I read with interest your posting on the BAT blog. I teach high school students, but I both know and remember the issues you speak of.
You write very thoughtfully about the challenge of being a shy and quiet student in a classroom where participation is demanded of you, and let just say that it can really suck. Shy, quiet and introverted humans (the three groups overlap, but aren't necessarily identical) too often have to deal with folks who don't get it, who have never had those feelings, who think that these are traits to be "fixed" or "overcome." It is a big fat pain in the butt to deal with someone who thinks there is only one right way to share or express feelings and ideas. I have at various times in my life wondered how those outgoing, verbally expansive, participate-till-they-drop folks would like to be stuck in a class where students were expected to never participate, even when they wanted to. A hundred years ago, students like you were the star pupils-- quiet, respectful, never speaking up, always attentive and on task.

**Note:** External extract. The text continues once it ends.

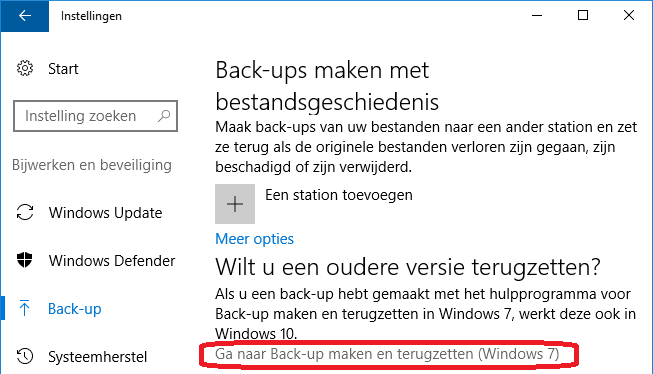 Windows Back-up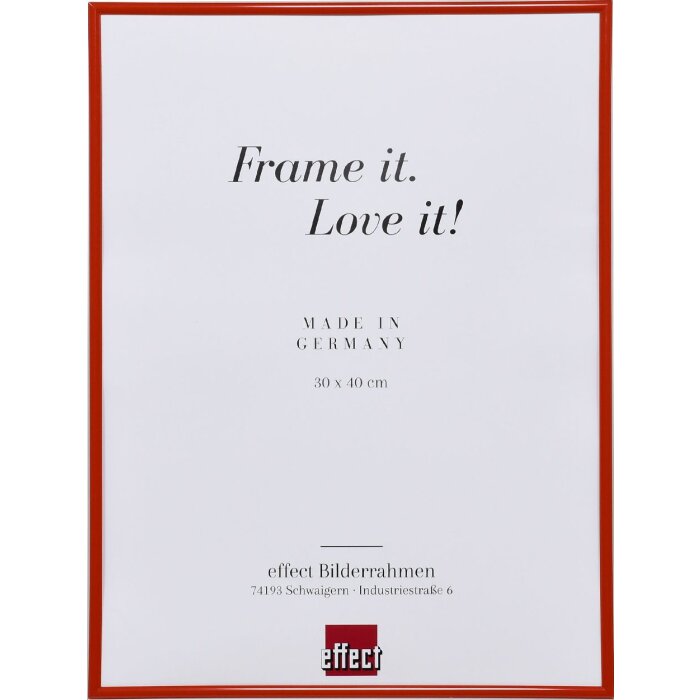 Efektowa plastikowa rama Art red 50x65 cm szkło muzealne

I appreciate you get how much teachers want-- and in some professional sense need-- to know what's going on in a student's head. But on this point you are absolutely correct:
Because you cannot change a person yourself. The second you start trying to is the second things go from normal to wrong, and the second my school day gets a little bit longer and a lot more unbearable. The class with the random participation clogs my thoughts and even when I’m happy, I’m anxious. Even after you called on me and my heart started pounding, I’m thinking about it. And it sucks.
Indeed. One of the very worst thing a teacher (or parent) can do is look at a young human and think "Boy, this would go really well if you could just be someone else. That's all I need-- just for you to fundamentally change how you go about being in the world." And while you say it's okay to have this kind of thought, as long as it's just a thought, I'm going to go one further-- it's not useful to even have that thought, because it's impossible to have that thought without having it color your action and behavior.
And it's big principle to grasp, because historically, we have screwed this one up over and over-- left-handed students, non-white students, students with various disabilities-- we have approached them both as an institution and as individuals with an attitude of, "First, we need you to change who you are." This is, in fact, one of my issues with modern charters-- far too many of them will only teach you if you are in the world the way they want you to be, and all others can just leave.
Our mission should be to find ways to teach students as the people they are. We teachers do have the job of figuring out what's going on in your studenty craniums, but it's a lazy cheat to say, "You have to show us that the one and only way we prefer." (One more reason using standardized tests to measure all of education is a crock.)
It's a never a wise teacher move to try to force students to do anything-- because we can't. When you were littler, we could trick you into thinking you didn't have a choice. Now you're old enough to know better. So I assume I can't "make" my students do anything-- but I can certainly try to nudge them in particular directions.
Having cheered you on for most of your piece, I will disagree with you on one point. You write
And I can almost guarantee that you have a handful of students (or peers, if you’re not a teacher) in your mind that match that same description. The kids who mind their business, take their notes, and leave. We don’t cause trouble. More often than not, we’re probably good students.
I'd hope that students in my classroom set their sights a little higher than just coming in, doing the basic of what's expected, keeping their head down, and leaving. Students who are merely compliant, who just show up and do what they're told-- those are not my idea of good students. That's a low bar to clear. I hope you set a higher bar for yourself in the future.
That said, as teacher, it's my job to make it possible and at least a little more comfortable for my students to do that. I provide a lot of different avenues for "participating," and I do my best to maintain an atmosphere that is safe and non-threatening, where students can do their thing without having to feel anxious. I don't claim to be perfect, and I'm not sure I want to be-- the biggest enemy of growth is comfort. But if you were sitting in my classroom this fall, my hope is that you would be less anxious and able to challenge yourself without having to feel forced to act like someone you are not.
Finally, I will meet my students for this year in about ten days, and I want you to know that I'll be thinking about your words as I work with them in the months ahead. I hope your school year is great.